Many years back when we were driving rust buckets, a friend loaned me a Nissan pickup—the holey Nissan. It was a rolling joke. The bumper was tied on with twine. The frame sagged between the cab and the bed. Every panel was rusted. In fact, the back panels were rusted so badly that they had broken off at the bottom and flapped as I drove down the highway. The muffler—rusted through and loud—needed to be replaced. Worse, the floorboard on the driver side was rusted through bad enough for a basketball to pass through, so the cab smelled like exhaust after a few miles of driving.

Rather than patching the hole, I justified its existence. It came in handy for spitting sunflower seed shells. Most of them landed on the highway. The rest I knocked into the driveway with my boot after I got home.

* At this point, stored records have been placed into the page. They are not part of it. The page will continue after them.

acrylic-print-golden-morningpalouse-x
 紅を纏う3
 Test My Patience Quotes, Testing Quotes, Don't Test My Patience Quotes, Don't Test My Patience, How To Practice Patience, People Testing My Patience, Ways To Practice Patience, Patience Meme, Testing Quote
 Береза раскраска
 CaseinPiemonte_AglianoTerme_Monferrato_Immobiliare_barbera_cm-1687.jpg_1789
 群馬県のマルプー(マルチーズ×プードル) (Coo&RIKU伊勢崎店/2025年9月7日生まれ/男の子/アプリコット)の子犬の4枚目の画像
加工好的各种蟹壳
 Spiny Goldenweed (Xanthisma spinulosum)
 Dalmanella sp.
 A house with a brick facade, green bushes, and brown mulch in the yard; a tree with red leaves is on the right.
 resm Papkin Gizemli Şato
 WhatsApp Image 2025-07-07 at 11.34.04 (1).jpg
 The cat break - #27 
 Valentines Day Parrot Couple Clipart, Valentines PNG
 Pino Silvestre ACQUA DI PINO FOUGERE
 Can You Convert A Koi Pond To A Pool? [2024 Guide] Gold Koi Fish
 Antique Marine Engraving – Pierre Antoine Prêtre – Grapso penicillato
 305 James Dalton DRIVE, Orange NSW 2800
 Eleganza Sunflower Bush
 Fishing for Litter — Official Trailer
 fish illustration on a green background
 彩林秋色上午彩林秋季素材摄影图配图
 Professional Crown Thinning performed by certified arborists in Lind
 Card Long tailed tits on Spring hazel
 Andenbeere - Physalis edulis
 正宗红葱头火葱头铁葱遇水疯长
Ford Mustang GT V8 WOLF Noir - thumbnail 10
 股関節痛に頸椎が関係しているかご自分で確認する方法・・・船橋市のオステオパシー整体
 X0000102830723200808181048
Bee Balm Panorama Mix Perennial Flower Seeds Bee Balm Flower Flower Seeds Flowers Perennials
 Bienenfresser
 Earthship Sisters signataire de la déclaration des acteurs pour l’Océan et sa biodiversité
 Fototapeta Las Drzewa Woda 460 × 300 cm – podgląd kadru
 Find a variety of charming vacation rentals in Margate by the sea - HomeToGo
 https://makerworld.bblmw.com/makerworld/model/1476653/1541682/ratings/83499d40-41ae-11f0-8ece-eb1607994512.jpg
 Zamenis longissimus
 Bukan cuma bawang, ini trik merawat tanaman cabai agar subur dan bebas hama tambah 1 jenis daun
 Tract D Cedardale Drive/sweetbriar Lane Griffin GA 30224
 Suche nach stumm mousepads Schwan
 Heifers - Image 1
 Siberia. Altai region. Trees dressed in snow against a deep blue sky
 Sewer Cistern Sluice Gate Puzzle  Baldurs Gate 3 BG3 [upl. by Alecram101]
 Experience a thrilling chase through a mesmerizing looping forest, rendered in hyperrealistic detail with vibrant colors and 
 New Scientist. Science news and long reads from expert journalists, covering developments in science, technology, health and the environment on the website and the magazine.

But when we justify something that we shouldn’t justify, it will eventually cost us. So it was with my floorboard hole. One day while driving to work, I reached into my lunch bag to grab a granola bar. I hadn’t eaten enough breakfast and was hungry. My apple flew out of the bag when I retracted my hand. It  bounced off the seat and onto the center console. I dropped the granola bar on the seat and reached for the apple. But I was too slow. It disappeared down the hole. I spun my head around and saw my apple skittering down the road. No my lunch was going to be on the light side.

Our spiritual life works the same way. If we have a hole in our spiritual life that really should be patched up, and we excuse its presence, we will eventually lose things out that hole that we don’t want to lose. Young women lose their purity. Young men lose their clean speech. Young folks lose their desire to walk tight with Jesus. People lose their way, their moral compass, their trust in the Bible. While it was kind of funny to watch my apple bouncing down the road, it is painful to watch Christians dropping spiritual things out the bottom of their holey Christianity and leaving pieces of the wreckage scattered along their path.

Ephesians 6:11—“Put on the whole armor of God, that you may be able to stand against the wiles of the devil.”  Take up the helmet of salvation, the breastplate of righteousness, the shield of faith, the sword of the Spirit, which is the Word of God. Don’t leave holes in your armor. If you leave holes in your armor, your Christianity will be holey Christianity, and you will lose things you don’t want to lose.

May you walk this week in the sunshine of the glorious grace of God. Grace that cleanses and forgives. Grace that restores.

“Eyes wide open, brain engaged, heart on fire.”